The season five premiere brings us a juicy flashback of a young Cersei, perhaps 11 or 12, asking (well, demanding) to hear her future told by a witch named Maggy the Frog. This is a demand she probably immediately regrets.
The witch tells her that she will be queen one day, but that's about the last happiness she can expect. The prophecy says Cersei will have three children, but her husband the king will have 20. So far, so true. Cersei has three children with her brother Jaime, and we know that Robert's illegitimate children number so many that Joffrey has to basically order an extermination to get rid of them all.

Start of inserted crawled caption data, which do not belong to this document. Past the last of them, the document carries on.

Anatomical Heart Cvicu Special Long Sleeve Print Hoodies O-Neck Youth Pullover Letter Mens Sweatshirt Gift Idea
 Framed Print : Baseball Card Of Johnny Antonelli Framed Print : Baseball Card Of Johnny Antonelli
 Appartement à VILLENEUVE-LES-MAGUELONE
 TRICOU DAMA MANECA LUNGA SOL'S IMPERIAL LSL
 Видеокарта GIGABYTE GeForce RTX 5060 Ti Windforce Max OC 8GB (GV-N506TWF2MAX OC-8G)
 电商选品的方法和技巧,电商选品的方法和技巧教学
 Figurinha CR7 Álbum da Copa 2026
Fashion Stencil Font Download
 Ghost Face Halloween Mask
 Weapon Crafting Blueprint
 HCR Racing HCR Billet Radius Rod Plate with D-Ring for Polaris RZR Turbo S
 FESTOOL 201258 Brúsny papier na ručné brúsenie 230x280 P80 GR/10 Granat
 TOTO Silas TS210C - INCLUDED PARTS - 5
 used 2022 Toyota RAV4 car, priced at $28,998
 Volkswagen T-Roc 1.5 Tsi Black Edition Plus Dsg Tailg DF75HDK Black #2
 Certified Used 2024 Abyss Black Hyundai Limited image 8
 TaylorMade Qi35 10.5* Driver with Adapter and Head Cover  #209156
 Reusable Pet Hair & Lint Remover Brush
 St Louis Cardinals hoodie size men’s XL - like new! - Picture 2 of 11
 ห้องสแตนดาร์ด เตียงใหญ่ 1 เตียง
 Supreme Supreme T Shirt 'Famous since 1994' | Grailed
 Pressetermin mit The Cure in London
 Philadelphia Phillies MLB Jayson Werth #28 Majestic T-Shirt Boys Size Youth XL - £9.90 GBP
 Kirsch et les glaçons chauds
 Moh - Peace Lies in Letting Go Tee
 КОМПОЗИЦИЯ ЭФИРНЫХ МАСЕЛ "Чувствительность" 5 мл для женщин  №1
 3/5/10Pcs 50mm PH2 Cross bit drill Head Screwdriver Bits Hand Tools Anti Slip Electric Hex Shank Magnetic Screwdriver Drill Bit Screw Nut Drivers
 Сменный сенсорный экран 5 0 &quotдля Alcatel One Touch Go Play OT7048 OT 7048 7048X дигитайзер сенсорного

Then the prophecy gets real dark. The witch tells Cersei that all her children will die and that though she will be queen, it won't be for long and a younger, more beautiful queen will come along and take her crown and everything she loves. Again, so far so true. Joffrey and Myrcella both die after being poisoned (by Lady Olenna Tyrell and Ellaria Sand respectively), and Tommen commits suicide in the sixth season finale after discovering that the love of his life, Margaery Tyrell, has perished in the explosion that destroyed the Great Sept of Baelor (which was orchestrated by Cersei, no less).
What does it mean for the future?
Now that King Tommen is out of the picture, the TV show version of Maggy the Frog's prophecy has come true in its entirety. In the book, there is a final part of the prophecy that has yet to pass: "And when your tears have drowned you, the Valonqar shall wrap his hands about your pale white throat and choke the life from you." The word "Valonqar" means little brother in Valyrian, meaning Tyrion or Jaime might be the ones to eventually end her life.